Those at the Department of Management Services who tried to stop the judges from building something far too grandiose either lost their jobs, retired or fell in line. And legislators continued to appropriate more and more money.

So there are lots of places to assign blame. The larger question is what to do now. The building is up. The judges have moved in.

The Florida Supreme Court hopes to make them share the building with other state court employees who currently spend about $300,000 a year to rent space. And the state's highest court has adopted a new rule that would ban any of the state's judges from setting out on their own to get themselves a new courthouse.

Chief Financial Officer Jeff Atwater is challenging some of the bills.

And the Judicial Qualifications Commission is investigating. It's unclear what they'll do since all of their work is done in secret unless they decide to file charges against a judge.

Some people ask why we waited until construction was well under way to write about it. That's pretty simple. We did not expect any state official, let alone a group of judges, to build a palace in the midst of a shattered economy.
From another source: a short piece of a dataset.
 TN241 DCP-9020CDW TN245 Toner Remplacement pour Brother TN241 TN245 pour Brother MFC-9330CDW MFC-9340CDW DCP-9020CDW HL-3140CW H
Then someone called last spring and questioned the ornate building rising from the ground at Southwood.

And so late last spring, I took at drive out to Southwood. The view was stunning.

How could it happen in a state where public employees were being laid off as budgets were slashed? How could it happen in a state where unemployment has been over the top for months and months?

In the beginning, we were going to write one story about an expensive courthouse. Just another bunch of bureaucrats wasting money.

But that was before someone suggested we take a look at the e-mails that went back and forth between the judges and those at the Department of Management Services responsible for the building.

The e-mails were eye-opening. Judges charged with maintaining a standard of conduct that would foster respect for our judicial system were arrogantly demanding control and busy selecting mahogany trim and granite countertops. They even threatened to fire an architect who wanted to design a less expensive building.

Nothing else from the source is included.